Whether your organization is developing its first marketing plan or reviewing and amending an annual marketing plan, what you do with that plan makes all the difference. The plan must be integrated into the organization’s business plan, complete with determined actions and goals. For example, if an analysis of a hospice market reveals that physician referrals from a particular specialty are lower than in previous years, the plan may include the need to address this trend. You may decide you to increase education efforts and build relationships in those areas. Yet, unless that action is tied to the tasks that are performed each day, the plan will falter. In this instance, the action must be made part of someone’s job, complete with rewards or consequences attached to completion of the action. A marketing plan is only as good as its execution. If it sits on a shelf waiting for review and amendments next year, it’s likely the plan has not permeated the organization.
• The hospice’s marketing approach must be balanced and integrative.
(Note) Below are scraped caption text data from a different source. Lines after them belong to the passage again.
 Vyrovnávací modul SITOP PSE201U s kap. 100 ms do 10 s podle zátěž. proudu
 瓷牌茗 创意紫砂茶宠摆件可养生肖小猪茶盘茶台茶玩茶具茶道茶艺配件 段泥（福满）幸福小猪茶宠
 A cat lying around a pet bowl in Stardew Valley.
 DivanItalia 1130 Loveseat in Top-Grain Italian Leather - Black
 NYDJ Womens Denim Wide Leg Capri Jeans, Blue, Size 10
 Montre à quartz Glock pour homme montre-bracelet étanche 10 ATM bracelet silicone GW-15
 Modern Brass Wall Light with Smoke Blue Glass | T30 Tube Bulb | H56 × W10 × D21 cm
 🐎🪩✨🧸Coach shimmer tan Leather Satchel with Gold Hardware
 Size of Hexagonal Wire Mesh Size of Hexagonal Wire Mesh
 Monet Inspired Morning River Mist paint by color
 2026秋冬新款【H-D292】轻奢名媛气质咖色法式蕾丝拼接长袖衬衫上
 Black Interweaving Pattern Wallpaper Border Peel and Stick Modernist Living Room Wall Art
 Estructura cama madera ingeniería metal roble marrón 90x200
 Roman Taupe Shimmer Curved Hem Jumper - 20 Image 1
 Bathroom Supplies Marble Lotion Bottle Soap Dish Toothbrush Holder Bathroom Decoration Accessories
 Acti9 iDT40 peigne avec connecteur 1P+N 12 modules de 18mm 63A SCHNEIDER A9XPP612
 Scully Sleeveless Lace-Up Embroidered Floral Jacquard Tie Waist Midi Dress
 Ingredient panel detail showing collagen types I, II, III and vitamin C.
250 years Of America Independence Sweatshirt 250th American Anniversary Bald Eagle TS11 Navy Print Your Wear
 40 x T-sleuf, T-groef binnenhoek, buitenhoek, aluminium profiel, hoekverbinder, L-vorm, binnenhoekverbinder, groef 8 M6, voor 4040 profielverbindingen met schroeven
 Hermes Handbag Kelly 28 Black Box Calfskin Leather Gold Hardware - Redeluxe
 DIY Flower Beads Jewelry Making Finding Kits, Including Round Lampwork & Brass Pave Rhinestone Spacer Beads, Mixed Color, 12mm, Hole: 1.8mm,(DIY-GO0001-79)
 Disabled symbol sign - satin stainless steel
To achieve the goal of making a plan part of the organization’s way of life, the marketing plan must be integrated into the organization. This includes integration with finance, personnel, and operations functions. Another aspect of integration is examining how a marketing plan relates to other plans within the organization. For example, an organization’s business plan may contradict or compete with the marketing plan. The exercise of integration will determine whether a marketing plan will have to be revised or rejected in order to achieve organizational harmony. An integrated marketing plan should ultimately complement the functions mentioned above.
• There must be detailed goals.
It is not enough for a marketing plan to say there needs to be an increase in referrals among hospitals outside the city limits. The development of a marketing plan must include detailed goals. For instance, a specific percentage increase in referrals from each of the hospitals outside the city should be part of the plan. Goals represent the benchmarks an organization is trying to achieve. It is important to establish goals that are measurable, such as market share, the number of referrals, patients served, etc.
• There must be an action plan.
For each goal there must be a results-oriented action plan. An action plan is the map to achieving your goals. Consider how you expect to achieve the goals you have set for your organization and what results you expect these actions to yield. If, for example, your goal is to increase referrals among cardiology groups by 15%, your action plan for this goal may include a multi-pronged approach that includes cardiology-specific hospice education material, small-group luncheons, increased medical director support, and consultations to these physicians. In addition, plans have to be monitored to determine whether they are progressing as expected. You may even attach incremental goals to monitor the progress of an action plan.
As a leader of your organization, do you see your marketing director as an influential member of your management team, or is your marketing director someone who merely follows up with physicians and other referral sources? Is your marketing plan synchronized with your daily operations, or is it separate from the overall direction in which your hospice is going?